**What this task involves**
Leaving out the pictures, reproduce each record exactly and in full.
◆ ◆ ◆ ◆ ◆
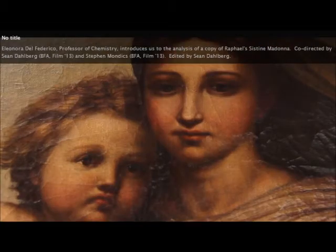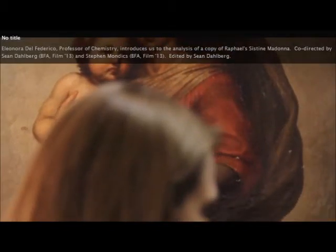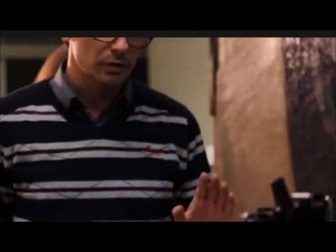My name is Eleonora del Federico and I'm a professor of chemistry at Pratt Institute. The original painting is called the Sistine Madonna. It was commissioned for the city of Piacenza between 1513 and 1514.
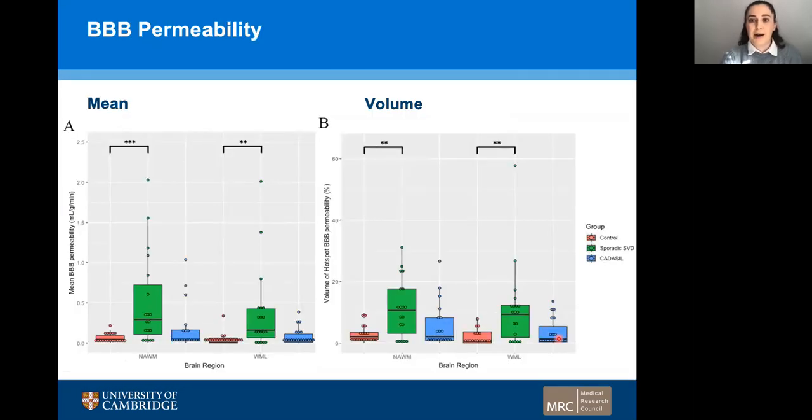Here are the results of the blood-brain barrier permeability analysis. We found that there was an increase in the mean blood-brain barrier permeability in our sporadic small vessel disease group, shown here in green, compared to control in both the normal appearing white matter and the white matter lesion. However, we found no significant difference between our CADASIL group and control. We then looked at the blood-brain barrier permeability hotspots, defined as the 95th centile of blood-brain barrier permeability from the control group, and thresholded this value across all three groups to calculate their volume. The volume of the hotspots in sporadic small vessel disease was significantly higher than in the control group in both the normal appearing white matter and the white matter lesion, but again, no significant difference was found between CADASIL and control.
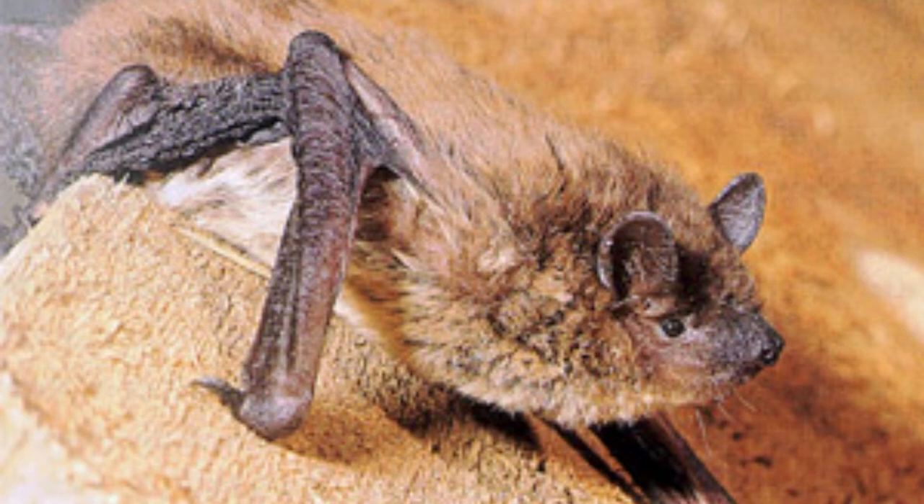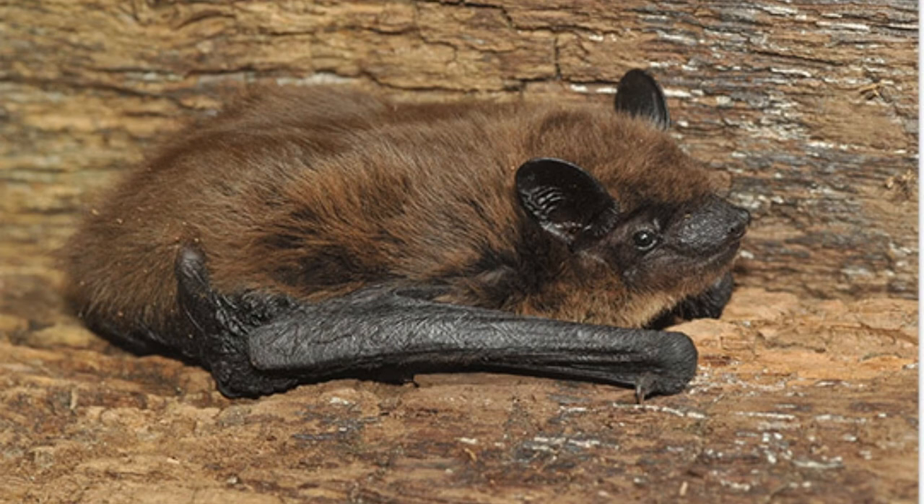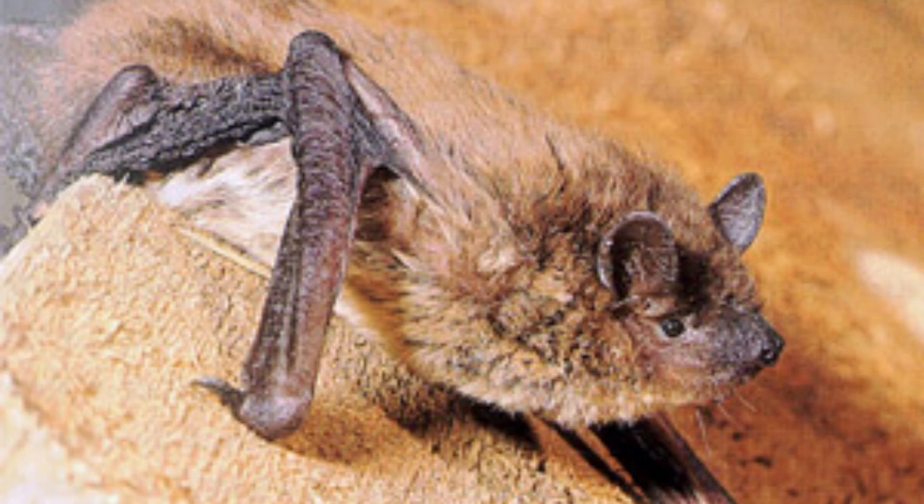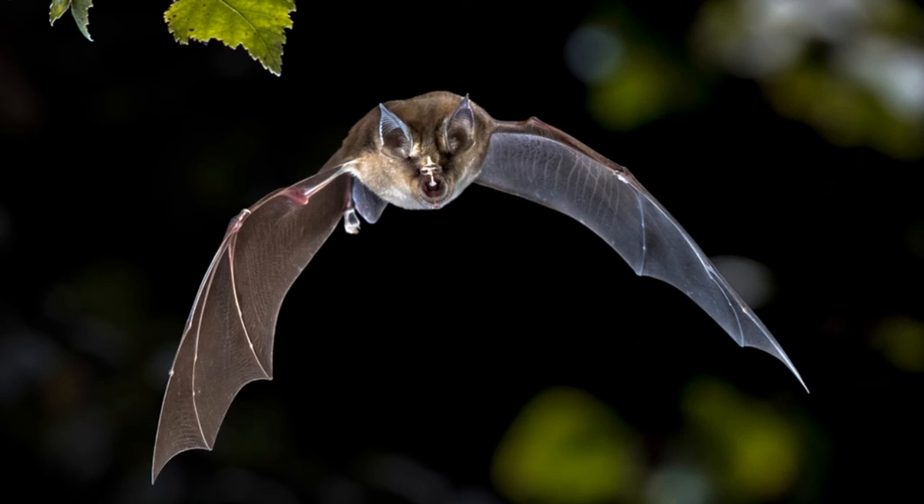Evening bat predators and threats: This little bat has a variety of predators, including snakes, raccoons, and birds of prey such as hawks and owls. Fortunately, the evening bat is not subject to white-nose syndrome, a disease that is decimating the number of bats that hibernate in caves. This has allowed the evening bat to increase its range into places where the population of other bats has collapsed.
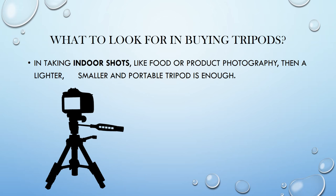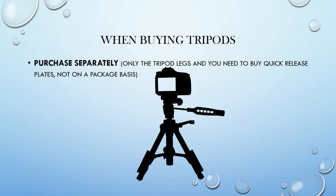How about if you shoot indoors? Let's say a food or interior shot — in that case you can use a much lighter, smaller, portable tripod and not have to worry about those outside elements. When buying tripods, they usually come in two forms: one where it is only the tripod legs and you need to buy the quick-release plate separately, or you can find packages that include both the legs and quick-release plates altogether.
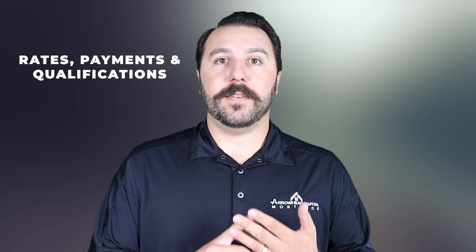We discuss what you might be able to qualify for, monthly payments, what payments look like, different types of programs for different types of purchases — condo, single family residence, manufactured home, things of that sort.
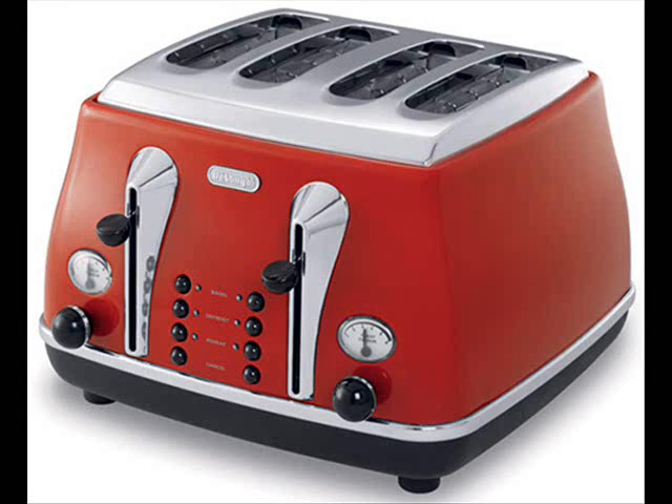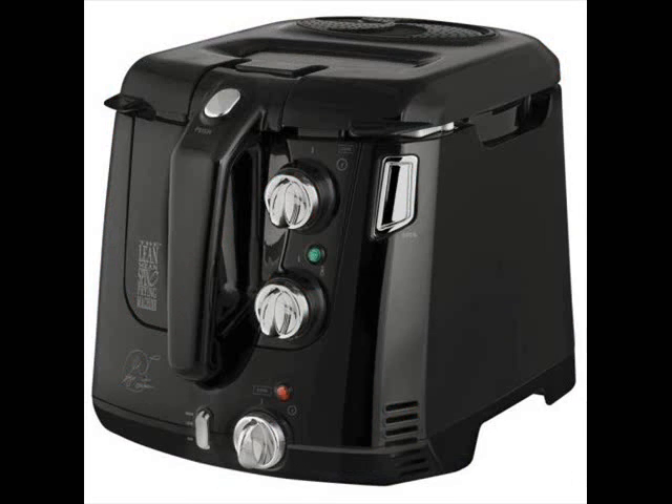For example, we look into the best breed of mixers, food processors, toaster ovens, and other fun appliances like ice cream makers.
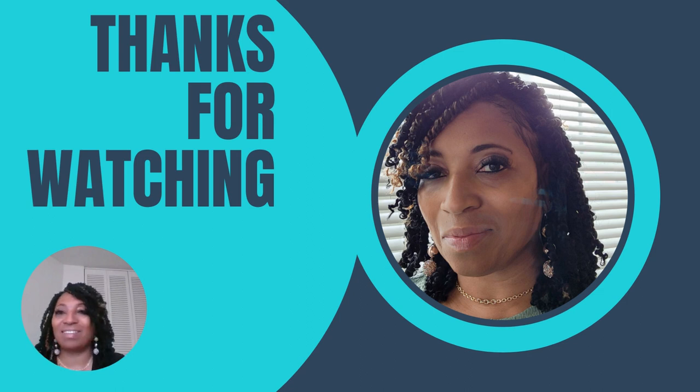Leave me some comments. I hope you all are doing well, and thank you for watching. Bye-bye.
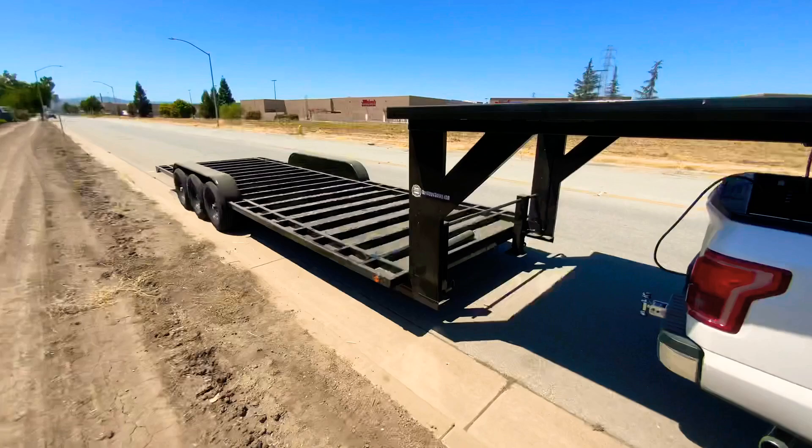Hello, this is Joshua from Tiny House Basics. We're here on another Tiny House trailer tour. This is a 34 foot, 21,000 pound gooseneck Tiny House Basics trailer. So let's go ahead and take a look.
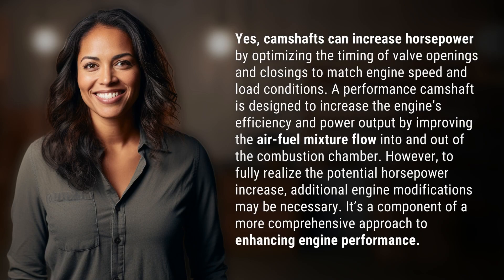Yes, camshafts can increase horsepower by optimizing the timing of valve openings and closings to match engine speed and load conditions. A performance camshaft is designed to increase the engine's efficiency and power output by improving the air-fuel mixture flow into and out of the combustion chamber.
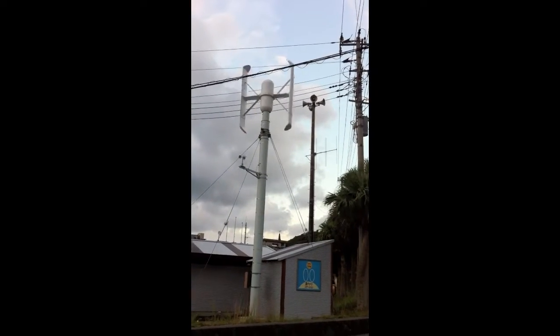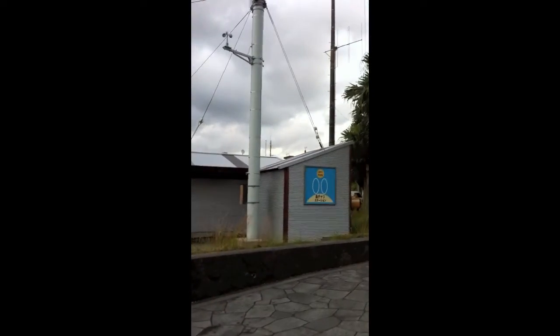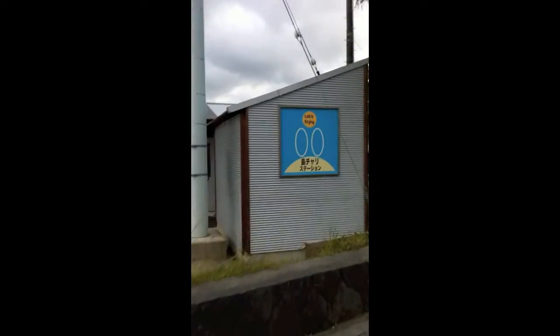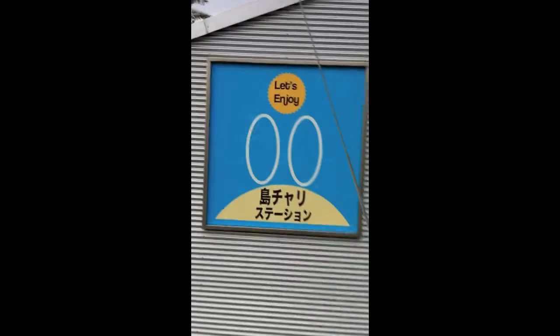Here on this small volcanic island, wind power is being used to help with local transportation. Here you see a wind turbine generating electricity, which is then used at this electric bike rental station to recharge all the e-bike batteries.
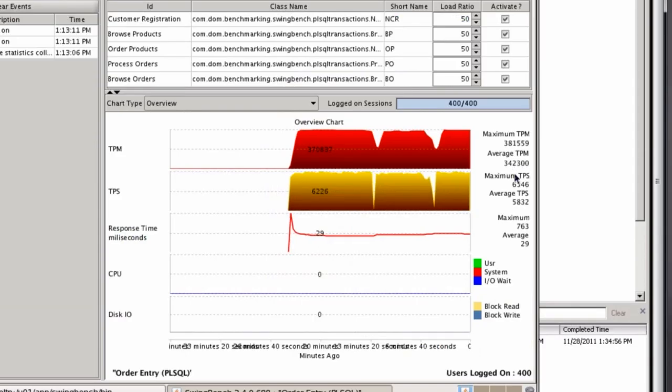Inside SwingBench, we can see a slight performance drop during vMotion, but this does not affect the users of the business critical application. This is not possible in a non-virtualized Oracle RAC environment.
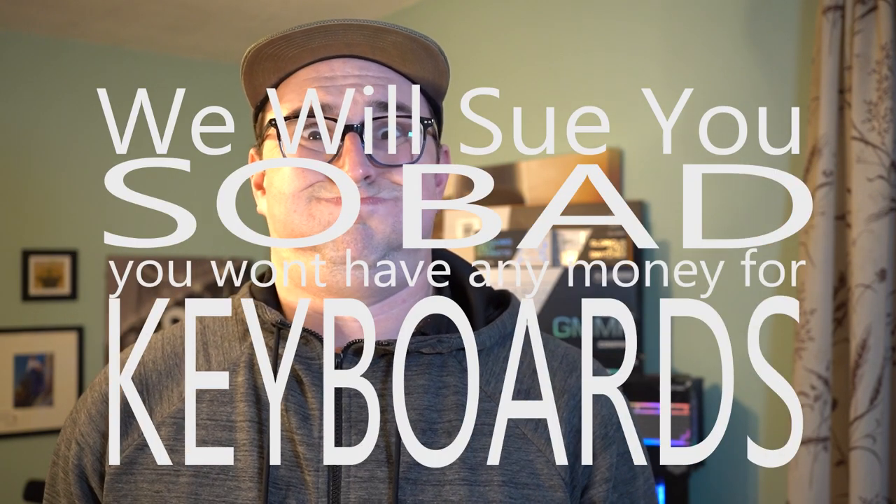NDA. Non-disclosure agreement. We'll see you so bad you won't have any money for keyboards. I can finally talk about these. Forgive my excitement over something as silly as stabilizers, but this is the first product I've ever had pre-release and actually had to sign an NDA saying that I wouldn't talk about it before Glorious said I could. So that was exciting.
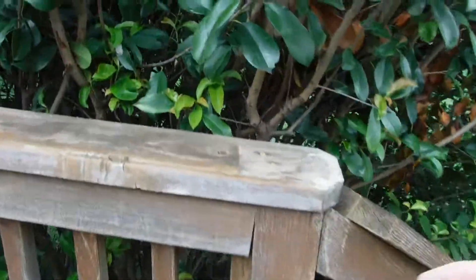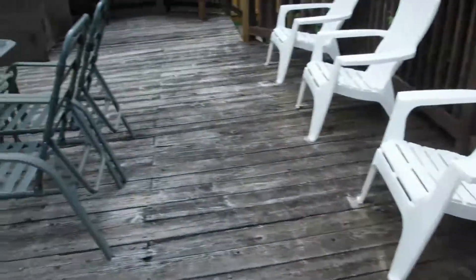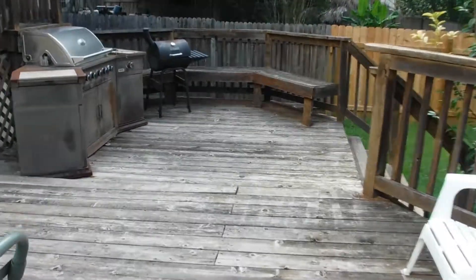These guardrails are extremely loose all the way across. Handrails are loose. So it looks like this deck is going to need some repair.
◆ ◆ ◆ ◆ ◆
**Result below**
My name is Eleonora del Federico and I'm a professor of chemistry at Pratt Institute. The original painting is called the Sistine Madonna. It was commissioned for the city of Piacenza between 1513 and 1514.
Here are the results of the blood-brain barrier permeability analysis. We found that there was an increase in the mean blood-brain barrier permeability in our sporadic small vessel disease group, shown here in green, compared to control in both the normal appearing white matter and the white matter lesion. However, we found no significant difference between our CADASIL group and control. We then looked at the blood-brain barrier permeability hotspots, defined as the 95th centile of blood-brain barrier permeability from the control group, and thresholded this value across all three groups to calculate their volume. The volume of the hotspots in sporadic small vessel disease was significantly higher than in the control group in both the normal appearing white matter and the white matter lesion, but again, no significant difference was found between CADASIL and control.
Evening bat predators and threats: This little bat has a variety of predators, including snakes, raccoons, and birds of prey such as hawks and owls. Fortunately, the evening bat is not subject to white-nose syndrome, a disease that is decimating the number of bats that hibernate in caves. This has allowed the evening bat to increase its range into places where the population of other bats has collapsed.
How about if you shoot indoors? Let's say a food or interior shot — in that case you can use a much lighter, smaller, portable tripod and not have to worry about those outside elements. When buying tripods, they usually come in two forms: one where it is only the tripod legs and you need to buy the quick-release plate separately, or you can find packages that include both the legs and quick-release plates altogether.
We discuss what you might be able to qualify for, monthly payments, what payments look like, different types of programs for different types of purchases — condo, single family residence, manufactured home, things of that sort.
For example, we look into the best breed of mixers, food processors, toaster ovens, and other fun appliances like ice cream makers.
Leave me some comments. I hope you all are doing well, and thank you for watching. Bye-bye.
Hello, this is Joshua from Tiny House Basics. We're here on another Tiny House trailer tour. This is a 34 foot, 21,000 pound gooseneck Tiny House Basics trailer. So let's go ahead and take a look.
Yes, camshafts can increase horsepower by optimizing the timing of valve openings and closings to match engine speed and load conditions. A performance camshaft is designed to increase the engine's efficiency and power output by improving the air-fuel mixture flow into and out of the combustion chamber.
Here on this small volcanic island, wind power is being used to help with local transportation. Here you see a wind turbine generating electricity, which is then used at this electric bike rental station to recharge all the e-bike batteries.
Inside SwingBench, we can see a slight performance drop during vMotion, but this does not affect the users of the business critical application. This is not possible in a non-virtualized Oracle RAC environment.
NDA. Non-disclosure agreement. We'll see you so bad you won't have any money for keyboards. I can finally talk about these. Forgive my excitement over something as silly as stabilizers, but this is the first product I've ever had pre-release and actually had to sign an NDA saying that I wouldn't talk about it before Glorious said I could. So that was exciting.
These guardrails are extremely loose all the way across. Handrails are loose. So it looks like this deck is going to need some repair.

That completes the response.